## Your goal
After finding the line with "Persischer Vintage Patchwork", restate it and each remaining line of the material word for word, omitting every picture.

Data shown below:

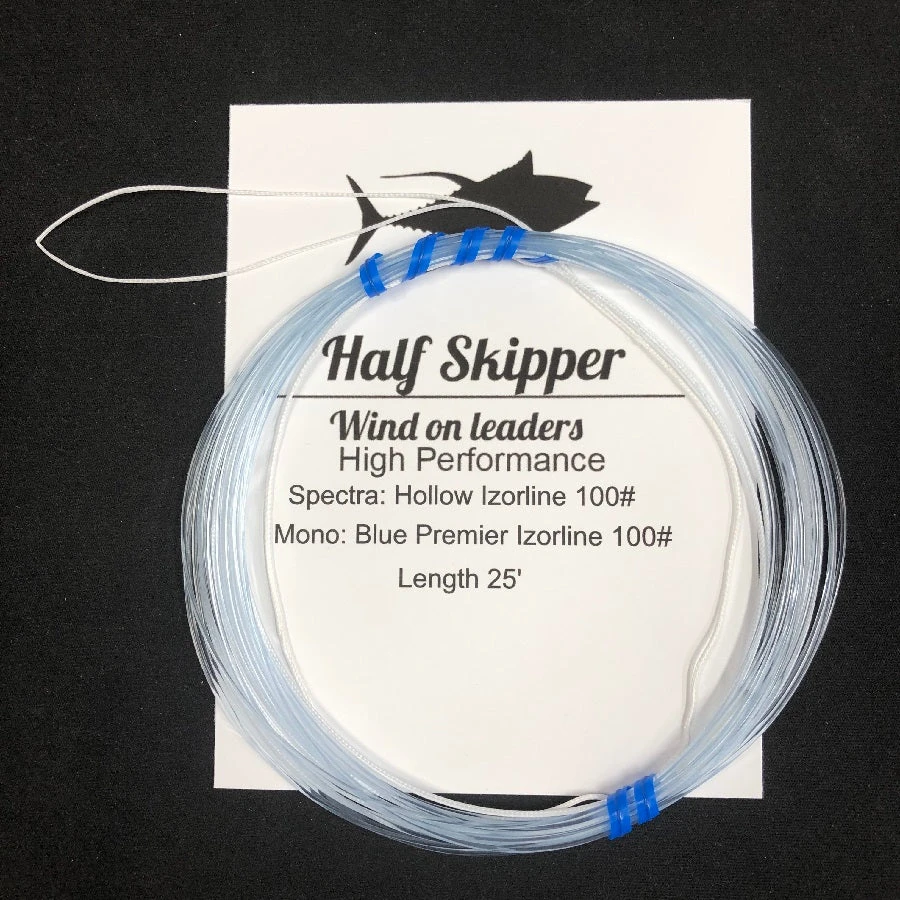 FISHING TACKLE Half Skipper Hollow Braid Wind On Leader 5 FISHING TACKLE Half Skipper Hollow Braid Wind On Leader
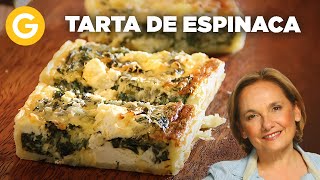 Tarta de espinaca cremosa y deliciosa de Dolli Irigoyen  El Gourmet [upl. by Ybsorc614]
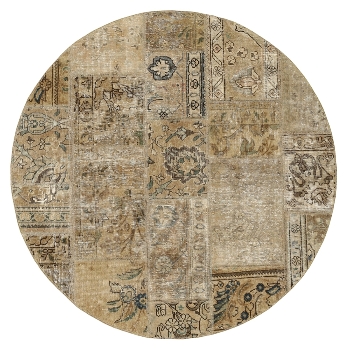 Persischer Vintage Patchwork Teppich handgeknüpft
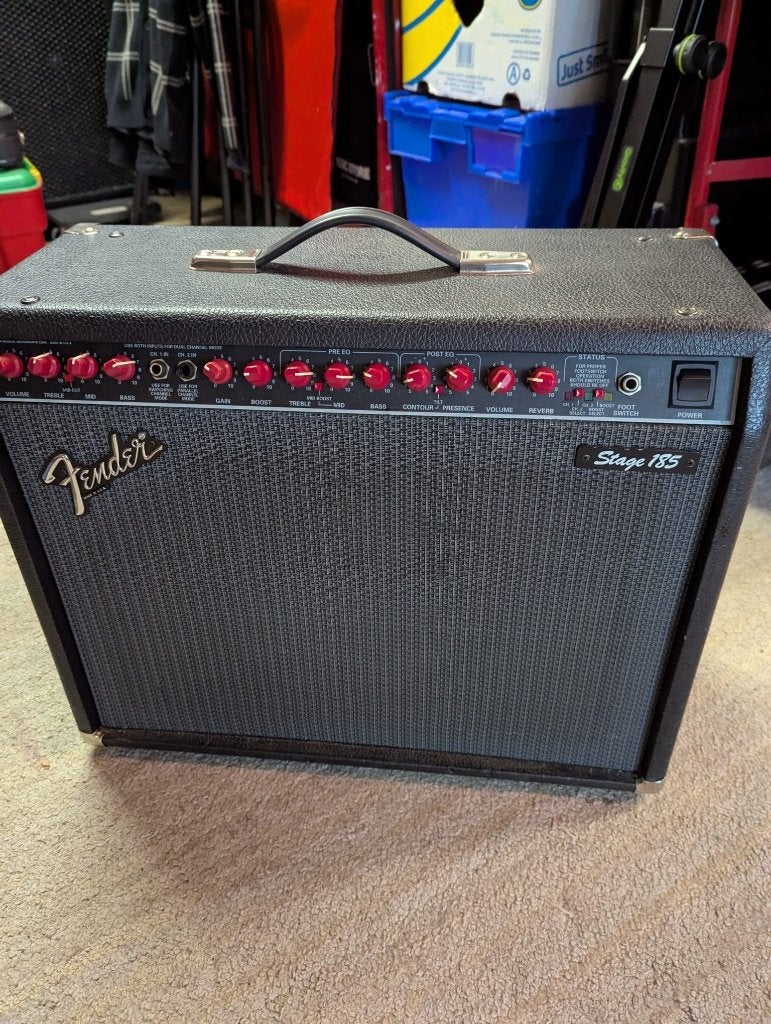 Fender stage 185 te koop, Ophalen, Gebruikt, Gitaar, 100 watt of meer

End of Data shown.

## Answer to this exercise
 Persischer Vintage Patchwork Teppich handgeknüpft
 Fender stage 185 te koop, Ophalen, Gebruikt, Gitaar, 100 watt of meer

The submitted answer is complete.